Okay. (You know it’s always going to be good when I begin with the word “okay” and try to pass it off as a sentence.) My plan…isn’t working exactly the way I expected. Oh, sure, I’m doing fine with the acting, and with the not complaining to anyone but my designated complainees (although I’ve slacked a bit there)…and with the not doing things with the intention of making him jealous (because of the Bible verse Cortney asked me to try on for size).
But the Bible verse wasn’t just telling me not to make him jealous; 2nd Corinthians was very clear that envy is unacceptable on anyone’s terms, and I have been feeling very jealous. How can I not? He has a girlfriend. He stated as much to Casey. (He still has not told me anything, but the fact remains that the word “girlfriend”, in regards to her, has come out of his mouth.)
So…I guess I just didn’t take into consideration that I would get jealous. I sort of forgot, in all my planning, that I might have feelings, too.
I don’t wish to talk about my feelings here, however. A moment ago I did, but now I can’t bring myself to post them–mainly, I suppose, because it is in violation of the vows that I made a while back.
And the jealousy just continues to get to me. I can’t make it go away. How can you make something like that go away? Unless the situation changes, it’s there.
As I said, though, I don’t want to and can’t talk about my feelings, so I am changing the subject now.
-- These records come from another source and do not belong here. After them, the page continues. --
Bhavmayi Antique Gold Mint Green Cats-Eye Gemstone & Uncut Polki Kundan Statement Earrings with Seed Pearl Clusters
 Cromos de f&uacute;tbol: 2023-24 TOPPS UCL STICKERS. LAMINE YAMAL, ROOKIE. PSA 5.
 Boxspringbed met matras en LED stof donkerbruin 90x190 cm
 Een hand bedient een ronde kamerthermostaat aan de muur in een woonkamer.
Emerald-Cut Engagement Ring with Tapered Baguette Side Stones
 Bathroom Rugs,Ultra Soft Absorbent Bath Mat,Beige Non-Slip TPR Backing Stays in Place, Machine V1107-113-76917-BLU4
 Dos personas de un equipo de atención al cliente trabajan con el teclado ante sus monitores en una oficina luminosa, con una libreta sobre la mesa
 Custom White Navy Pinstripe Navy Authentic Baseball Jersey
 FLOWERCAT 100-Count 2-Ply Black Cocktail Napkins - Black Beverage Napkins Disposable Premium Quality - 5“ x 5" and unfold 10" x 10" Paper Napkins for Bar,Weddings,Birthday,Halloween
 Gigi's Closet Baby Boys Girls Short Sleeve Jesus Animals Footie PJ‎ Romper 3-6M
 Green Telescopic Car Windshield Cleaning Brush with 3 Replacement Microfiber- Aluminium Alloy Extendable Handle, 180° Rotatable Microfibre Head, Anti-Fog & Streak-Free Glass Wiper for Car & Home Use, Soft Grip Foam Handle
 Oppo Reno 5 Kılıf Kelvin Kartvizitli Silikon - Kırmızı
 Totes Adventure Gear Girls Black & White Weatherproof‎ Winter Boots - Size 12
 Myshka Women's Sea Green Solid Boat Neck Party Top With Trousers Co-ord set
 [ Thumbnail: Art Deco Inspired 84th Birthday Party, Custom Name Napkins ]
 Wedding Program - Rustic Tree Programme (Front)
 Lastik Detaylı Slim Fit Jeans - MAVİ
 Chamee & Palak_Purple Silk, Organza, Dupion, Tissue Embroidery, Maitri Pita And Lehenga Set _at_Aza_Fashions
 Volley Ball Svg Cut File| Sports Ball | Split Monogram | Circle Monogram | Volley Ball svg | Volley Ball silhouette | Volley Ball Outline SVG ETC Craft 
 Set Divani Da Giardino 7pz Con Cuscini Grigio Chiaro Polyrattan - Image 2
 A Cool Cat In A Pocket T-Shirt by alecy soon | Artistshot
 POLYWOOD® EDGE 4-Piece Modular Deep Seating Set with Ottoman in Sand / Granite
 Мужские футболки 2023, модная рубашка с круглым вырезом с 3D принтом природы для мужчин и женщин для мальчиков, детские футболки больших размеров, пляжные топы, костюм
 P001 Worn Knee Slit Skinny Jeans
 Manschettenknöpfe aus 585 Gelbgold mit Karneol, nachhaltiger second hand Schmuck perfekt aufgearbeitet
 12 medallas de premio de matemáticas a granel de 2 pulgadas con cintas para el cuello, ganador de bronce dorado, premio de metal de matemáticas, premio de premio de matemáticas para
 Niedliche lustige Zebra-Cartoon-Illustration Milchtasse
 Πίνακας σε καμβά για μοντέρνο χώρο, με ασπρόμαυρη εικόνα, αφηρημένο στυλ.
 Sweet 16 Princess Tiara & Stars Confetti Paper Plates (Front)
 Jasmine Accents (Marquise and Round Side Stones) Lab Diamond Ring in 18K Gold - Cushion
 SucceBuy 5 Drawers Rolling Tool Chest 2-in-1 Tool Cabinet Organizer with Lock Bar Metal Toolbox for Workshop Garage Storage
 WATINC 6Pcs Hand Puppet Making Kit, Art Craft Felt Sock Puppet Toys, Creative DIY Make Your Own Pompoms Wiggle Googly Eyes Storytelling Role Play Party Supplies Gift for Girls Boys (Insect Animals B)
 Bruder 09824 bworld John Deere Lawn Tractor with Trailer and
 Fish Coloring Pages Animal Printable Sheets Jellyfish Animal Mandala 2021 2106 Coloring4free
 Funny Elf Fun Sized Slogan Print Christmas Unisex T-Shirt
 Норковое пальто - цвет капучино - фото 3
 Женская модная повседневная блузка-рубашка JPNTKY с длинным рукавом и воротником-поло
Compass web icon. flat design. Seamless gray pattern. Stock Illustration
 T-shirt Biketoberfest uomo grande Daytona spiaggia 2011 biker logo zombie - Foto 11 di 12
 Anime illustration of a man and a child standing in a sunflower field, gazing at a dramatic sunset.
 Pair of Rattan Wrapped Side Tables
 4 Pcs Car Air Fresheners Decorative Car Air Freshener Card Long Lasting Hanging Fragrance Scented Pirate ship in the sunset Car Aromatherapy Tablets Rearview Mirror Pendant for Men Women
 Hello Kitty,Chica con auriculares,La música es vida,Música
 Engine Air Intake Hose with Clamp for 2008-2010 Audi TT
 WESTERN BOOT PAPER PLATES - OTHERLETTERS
…But I am so longing for the opportunity to innocently suggest the idea that her eyes are too close together, just to mess with his head. (See the original Parent Trap.)
In other news….
I’ve got two technical dates this weekend (I say “technical”, because I choose not to consider them such until I know that that’s definitely what the guy considers it). And yes, only two, not three or four or however many Dennis thinks it is. (Tinny told me, after watching The Phantom of the Opera, that I should tell everyone I have a boyfriend named Erik. Or Gerry. I think I’ve finally convinced him that Erik and Gerry are the same person; I just wonder how long before it sinks in that they are completely two-dimensional and that the Erik side of him does not actually exist—although Tinny may have gotten the non-existent side across to him with her comment about “role-playing”.) Hanging out with John Belushi (whose real name he fortunately reminded me of when he called—it’s Adam) on Friday, and then on Saturday, I am going to see Logan with Elliot.
See, Dennis keeps trying to make plans, and it’s always on a day that I already have plans, so I keep informing him that I am going to see Erik. (I think Dennis is jealous of Erik. Haha.)
Everything I’ve said in here tonight feels really incomplete and just…empty. It just doesn’t feel right.
Okay, I need to get my homework done, and I can’t remember what else (if anything) I’d wanted to say, so I’m through here for the night, except for this quote from dinner earlier:
“I can’t believe it; we’ve got fish and chips, and the Cornish Pixie still goes to the other line!”
Patrick, the Cornish Pixie, is apparently afraid of me…or at least, that’s what I think. I think I scared him away because I kept flirting with him, or he possibly has a girlfriend or is very shy. Sigh.